Crawled caption data:
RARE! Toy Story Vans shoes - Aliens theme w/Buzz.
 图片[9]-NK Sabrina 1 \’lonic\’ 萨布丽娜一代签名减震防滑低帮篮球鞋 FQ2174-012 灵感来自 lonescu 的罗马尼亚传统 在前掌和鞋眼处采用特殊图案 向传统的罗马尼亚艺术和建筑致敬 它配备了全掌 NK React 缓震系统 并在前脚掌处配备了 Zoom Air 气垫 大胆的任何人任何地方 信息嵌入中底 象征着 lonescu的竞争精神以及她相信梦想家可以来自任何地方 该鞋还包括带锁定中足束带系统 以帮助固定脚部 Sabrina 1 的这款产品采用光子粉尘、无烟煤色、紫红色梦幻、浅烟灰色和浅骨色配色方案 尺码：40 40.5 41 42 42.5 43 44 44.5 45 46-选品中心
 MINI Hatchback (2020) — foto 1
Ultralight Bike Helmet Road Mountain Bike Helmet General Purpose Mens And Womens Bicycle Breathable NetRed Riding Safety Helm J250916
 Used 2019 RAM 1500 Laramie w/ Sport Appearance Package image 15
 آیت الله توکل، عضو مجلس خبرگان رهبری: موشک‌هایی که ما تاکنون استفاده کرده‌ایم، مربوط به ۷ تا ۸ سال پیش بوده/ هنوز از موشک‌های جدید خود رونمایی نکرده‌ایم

What you should do: All lines in the data above from the one with "MINI Hatchback (2020) — foto 1" through the one with "Used 2019 RAM" must be repeated exactly, and no others.

Solution to this exercise:
 MINI Hatchback (2020) — foto 1
Ultralight Bike Helmet Road Mountain Bike Helmet General Purpose Mens And Womens Bicycle Breathable NetRed Riding Safety Helm J250916
 Used 2019 RAM 1500 Laramie w/ Sport Appearance Package image 15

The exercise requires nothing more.